A Naraha, la vie s’est arrêtée le 12 mars 2011. Le lendemain du tsunami, les 7800 habitants de cette ville située à une quinzaine de kilomètres de la centrale nucléaire de Fukushima Daiichi l’ont fuie. Située à 230 km au nord de Tokyo, sur la côte est du Japon, Naraha a subi une triple catastrophe: le tremblement de terre, le raz-de-marée et l’accident nucléaire. Entre 120 et 130 maisons ont été détruites. Treize personnes ont perdu la vie. Quelque 6000 personnes ont été relogées à Iwaki, localité distante de 40 km au sud de Naraha. Les autres ont trouvé refuge dans différentes villes de la préfecture de Fukushima, voire dans d’autres régions de l’Archipel.

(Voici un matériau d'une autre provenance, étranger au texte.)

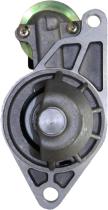 · PS113224 - ARRQ. 1.4 KW 12V PCV NEW P/FORD USA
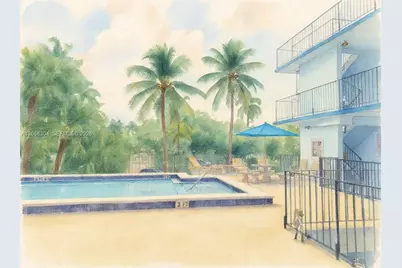 2539 S Bayshore Dr #229CR, Coconut Grove, FL 33133 - Photo 23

Cinq ans après la catastrophe, le trafic sur la route côtière qui relie Iwaki à Naraha est intense. Le ballet des camions et des utilitaires utilisés pour la reconstruction de la région dévastée du Tohoku est incessant. L’entrée dans Naraha porte encore les stigmates de l’accident nucléaire. Sur des terrains adjacents à la route principale, des centaines de sacs remplis de déchets radioactifs attendent d’être transférés vers des sites de stockage, qui doivent être construits à proximité de la centrale.
Une école en 2017
Les travaux se sont intensifiés après le 5 septembre dernier lorsque le gouvernement japonais a autorisé les anciens habitants de Naraha à revenir chez eux. Six mois après cette décision liée à une baisse des taux de radioactivité, 430 personnes ont franchi le pas, selon Yukiei Matsumoto, le maire de Naraha. En d’autres termes, à peine 5% de la population totale est revenue y vivre. Une atmosphère de ville abandonnée s’en dégage. Seuls des employés dans la construction et la décontamination sont visibles dans les rues de la ville. Les habitants semblent préférer rester chez eux. «Entre 60% et 70% des habitants revenus vivre à Naraha ont plus de 60 ans. Attirer des personnes plus jeunes, comme des familles avec enfants, est une tâche extrêmement difficile. Une fois que la première école sera rouverte, au printemps 2017, nous espérons que des familles reviendront ici», souligne au Temps Yukiei Matsumoto.
Une ville au ralenti
En dehors des travaux, la ville tourne au ralenti. L’activité commerciale se résume à un supermarché, une cantine et une roulotte ambulante qui vend du café. Yukiko Takano, 43 ans, en est la gérante. Avant la catastrophe, elle était infirmière. Une fois relogée à Iwaki, elle a enchaîné différents jobs, notamment dans une entreprise alimentaire. «J’y ai loué un appartement avant d’obtenir des compensations de [la société électrique] Tepco, à hauteur de 100 000 yens par mois [environ 900 francs] pendant cinq ans. Mes parents ont vécu dans un logement temporaire, mais mon père est décédé en 2014. J’ai toujours prévu de revenir vivre à Naraha. La radioactivité ne me préoccupe pas, contrairement à mon frère qui a des enfants. Avec mon père, nous nous étions promis de revenir ici. Je regrette donc que l’ordre d’évacuation n’ait pas été levé plus tôt. C’est frustrant», témoigne-t-elle.
Sentiment de solitude
Selon Yukiko Takano, vivre à Naraha est difficile. Dans son quartier, seules trois ou quatre maisons sont habitées. «Je ne rencontre pratiquement personne que je connais. Bien entendu, j’ai des contacts durant la journée avec mes clients, essentiellement des travailleurs dans le secteur de la construction, mais la nuit, je me sens seule. Les relations sociales ne sont plus comme avant», déplore-t-elle.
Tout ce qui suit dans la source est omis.